Postgres 19 (released April 25) ships the long-awaited asynchronous IO API. The pgvector and pg_search teams are the first to land integrations. One is good. The other is what the next year is for.
medium.com
In this article
Postgres 19 shipped on April 25 with three features that will be in the conversation for the next year: parallel B-tree builds at scale (the implementation does what its 2023 design proposal promised), the new EXPLAIN ANALYZE buffer-attribution view (the kind of feature that earns ovation from people who have run a hot standby in anger), and the asynchronous IO API. The async IO is the one that has been waiting since the 2018 Tomas Vondra patch.

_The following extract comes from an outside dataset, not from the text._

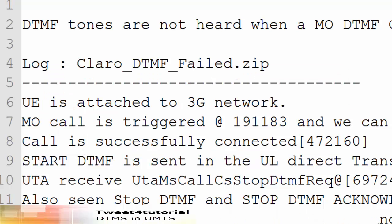Hi, hello friends, I am Gautam Anand for T4Tutorial.com. Today I came with a new issue: DTMF tones are not heard when an MO DTMF call is made. Before going to the issue, I want to discuss what is the DTMF tone.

The first integrations have landed in the extension layer. pgvector's 0.9.0 release uses the new IO API for HNSW prefetch on graph traversal. pg_search's 0.4.0 release uses it for parallel posting-list scans. The pgvector integration is good. The pg_search integration is what next year is for.
pgvector 0.9.0
The HNSW graph-traversal prefetch was always the part of vector search that wanted async IO. On a graph with millions of nodes, the working set during a single query touches a different page on every hop, and the latency of those page reads dominates. The 0.9.0 implementation queues a configurable number of prefetches ahead (default: 16) and the result, in the bench cases, is a roughly 3x improvement on cold-cache HNSW search latency. The benchmark detail that matters: the improvement disappears at vectors-already-in-cache (so it's a tail-latency story, not an average-latency one), and it requires the new effective_io_concurrency_async tunable to be set above the (still low) default.
pg_search 0.4.0
pg_search's implementation is what we would call, charitably, a v0. The parallel posting-list scan has the right shape but the threading model fights with Postgres's background-worker architecture in a way that surfaces under heavy concurrent search load. The benchmark numbers are good (1.8x improvement on a single query); the production numbers are not yet reproduced. The maintainer acknowledged the issue on the github discussion thread the day the 0.4.0 release dropped, with the kind of measured response that makes you trust the team to land the fix.
Both extensions are doing the work the database itself cannot do. That is the right division of labor — and it is the same division of labor Postgres has been working out, in its slow and deliberate way, since the late 1980s. The async IO is here. The integrations are starting. The next year is when the wider extension ecosystem catches up.